##### Record set #####
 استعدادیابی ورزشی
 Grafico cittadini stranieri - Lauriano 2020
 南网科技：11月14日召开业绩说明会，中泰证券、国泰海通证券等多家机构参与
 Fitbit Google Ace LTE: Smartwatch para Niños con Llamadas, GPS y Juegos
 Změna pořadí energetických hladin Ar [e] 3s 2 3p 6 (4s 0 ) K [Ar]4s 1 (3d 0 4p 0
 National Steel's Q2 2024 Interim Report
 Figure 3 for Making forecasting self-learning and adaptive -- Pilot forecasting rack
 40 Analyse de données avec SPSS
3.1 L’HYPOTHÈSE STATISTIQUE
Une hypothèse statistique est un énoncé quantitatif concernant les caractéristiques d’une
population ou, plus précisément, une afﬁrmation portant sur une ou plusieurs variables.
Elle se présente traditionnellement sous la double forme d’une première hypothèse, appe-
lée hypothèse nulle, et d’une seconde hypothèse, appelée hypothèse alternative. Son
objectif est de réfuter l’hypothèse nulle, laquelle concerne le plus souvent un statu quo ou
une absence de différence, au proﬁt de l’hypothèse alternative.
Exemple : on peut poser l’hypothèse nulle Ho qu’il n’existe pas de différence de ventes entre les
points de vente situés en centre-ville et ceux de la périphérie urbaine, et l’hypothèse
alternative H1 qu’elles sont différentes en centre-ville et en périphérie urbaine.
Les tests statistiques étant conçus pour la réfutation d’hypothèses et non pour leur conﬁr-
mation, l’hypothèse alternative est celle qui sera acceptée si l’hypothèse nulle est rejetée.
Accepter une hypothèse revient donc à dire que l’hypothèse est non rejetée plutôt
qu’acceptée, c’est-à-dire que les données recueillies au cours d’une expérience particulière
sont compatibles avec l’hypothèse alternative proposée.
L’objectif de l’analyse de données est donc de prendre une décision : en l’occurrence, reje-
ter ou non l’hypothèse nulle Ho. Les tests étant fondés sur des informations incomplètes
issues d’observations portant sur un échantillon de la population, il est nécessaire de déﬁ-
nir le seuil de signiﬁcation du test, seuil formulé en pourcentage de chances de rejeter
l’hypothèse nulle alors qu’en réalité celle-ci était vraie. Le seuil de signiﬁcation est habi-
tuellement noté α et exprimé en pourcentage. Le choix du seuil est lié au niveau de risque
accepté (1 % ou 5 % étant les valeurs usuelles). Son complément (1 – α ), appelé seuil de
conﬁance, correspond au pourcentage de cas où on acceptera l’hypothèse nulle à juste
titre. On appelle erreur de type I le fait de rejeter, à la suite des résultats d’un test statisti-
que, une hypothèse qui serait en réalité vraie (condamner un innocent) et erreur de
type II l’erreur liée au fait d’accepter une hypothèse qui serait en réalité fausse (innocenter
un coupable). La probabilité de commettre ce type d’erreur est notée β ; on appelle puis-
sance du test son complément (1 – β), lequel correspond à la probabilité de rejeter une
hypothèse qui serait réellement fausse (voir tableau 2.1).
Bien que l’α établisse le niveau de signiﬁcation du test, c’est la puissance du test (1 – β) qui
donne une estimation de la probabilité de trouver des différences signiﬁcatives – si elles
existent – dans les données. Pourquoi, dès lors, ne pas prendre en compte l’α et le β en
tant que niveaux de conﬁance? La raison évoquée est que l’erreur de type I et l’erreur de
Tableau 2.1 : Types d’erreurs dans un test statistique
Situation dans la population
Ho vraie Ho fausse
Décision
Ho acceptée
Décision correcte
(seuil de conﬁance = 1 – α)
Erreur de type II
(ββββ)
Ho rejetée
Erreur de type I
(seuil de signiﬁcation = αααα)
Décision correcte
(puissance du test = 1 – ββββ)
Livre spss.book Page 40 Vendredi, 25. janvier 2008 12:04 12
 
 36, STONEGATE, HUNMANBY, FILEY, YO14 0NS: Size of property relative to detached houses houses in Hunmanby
#####
Work order:
Lines after the one containing "Une hypothèse statistique" are not part of the task. Output the entries exactly from their first line through that one.

Output for this exercise:
 استعدادیابی ورزشی
 Grafico cittadini stranieri - Lauriano 2020
 南网科技：11月14日召开业绩说明会，中泰证券、国泰海通证券等多家机构参与
 Fitbit Google Ace LTE: Smartwatch para Niños con Llamadas, GPS y Juegos
 Změna pořadí energetických hladin Ar [e] 3s 2 3p 6 (4s 0 ) K [Ar]4s 1 (3d 0 4p 0
 National Steel's Q2 2024 Interim Report
 Figure 3 for Making forecasting self-learning and adaptive -- Pilot forecasting rack
 40 Analyse de données avec SPSS
3.1 L’HYPOTHÈSE STATISTIQUE
Une hypothèse statistique est un énoncé quantitatif concernant les caractéristiques d’une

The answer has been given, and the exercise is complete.